# Scabs and itching/chewing.. help please!



## misha (Dec 22, 2010)

I have a 11 month old female GSD, she has been itching like crazy, and chewing at her sides. I noticed the other day she has small scabs over her body mainly on the top of her back. One of them is fairly large(dime size) i cleaned the gunk out of it and this is what it looks like. The vet said it could be allergies so she is on a benadryl every day and she is still scratching etc. Any other suggestions? She also seems to have a more than usual amount of gunk(greenish) coming from her eyes.


----------



## e.rigby (May 28, 2011)

My recommendation would be to get a medicated shampoo for bacteria/fungal issues and then a soothing anti itch conditioner! It couldn't hurt, and hopefully it will help!! Virgil had skin issues a while back, he was covered in yuck (a combination of scabs and funky flakey skin) and I used a medicated shampoo and thankfully it all went away and hasn't been back since!


----------



## misha (Dec 22, 2010)

Will definitely be my next two purchases. Thanks! I am just hoping it isn't some type of mange starting, or pyoderma..


----------



## Stella's Mom (Mar 8, 2011)

Some folks told me to clean the area with apple cider vinegar. I started that treatment with my dog yesterday and she seems to be scratching less. She still has the scab but hopefully this will go away soon.
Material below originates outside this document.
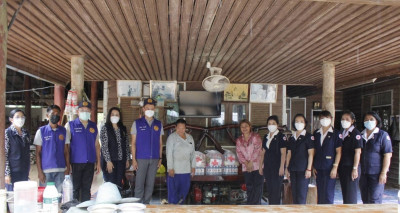 นายกเหล่ากาชาดจังหวัดสุราษฎร์ธานี พร้อมคณะ ลงพื้นที่บ้านคลอง ... พารามิเตอร์รูปภาพ 1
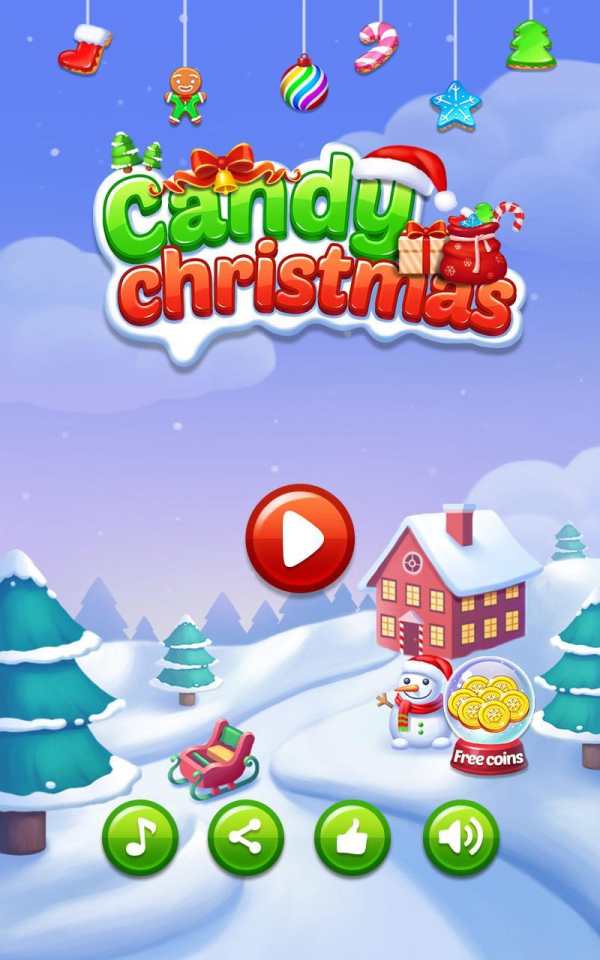 Candy Claus - Play Fun Match 3 Game screenshot 5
I also have my dog on Benadryl 50mg tid.


----------



## misha (Dec 22, 2010)

does she have the same symptoms? I am going to go and try to find a good shampoo and conditioner.. I will give the cider a try as well.


----------



## BowWowMeow (May 7, 2007)

Is it possible she has fleas or was bitten by a flea? A lot of gsds seem to have flea allergy dermatitis. 

I am a big fan of NEEM shampoo. It is very soothing for the skin and also helps repel fleas.


----------



## candice (Aug 19, 2011)

you might wanna try asking your local vet for a steriod. my 2 year old is on a steriod now for his allergys, he was allergic to the hollistic blend chicken feed i have been feeding him since he was a pup, now he is on predisone.. it stops his itching and we now are trying him on a hypoallergenic dog food, but its only in the trial runs for us .. heads up. ALSO ASH YOUR VET ABOUT E/P/I.. its an immume system deficiency..

hope this helps.


----------



## CaliBoy (Jun 22, 2010)

Sometimes in the summer you can get a flea on the dog, even though you've been using flea preventatives. My vet, for the occasional out of control itching, will prescribe something like prednisone temporarily. Then I use Vet Solutions medicated shampoo (BPO-3) and it works well. There is also Vet Solutions Aloe & Oatmeal shampoo, which I have heard great things about. I ordered the Vet Solutions BPO-3 through Amazon.


----------



## misha (Dec 22, 2010)

The vet checked for fleas, and didn't see any.. I gave her a bath today with anti fungal shampoo, with a anti-itch conditioner.. It seemed to help a little, but she didn't hesitate to start scratching around her neck. I wonder if it might be ear mites? she has alot of black crusty stuff that constantly is in her ears no matter how much i clean it out. Would having skin problems be related to EPI? she is always hungry and seems to scarf her food down, but to me that was just her being a GSD puppy.


----------



## e.rigby (May 28, 2011)

misha said:


> I wonder if it might be ear mites? she has alot of black crusty stuff that constantly is in her ears no matter how much i clean it out.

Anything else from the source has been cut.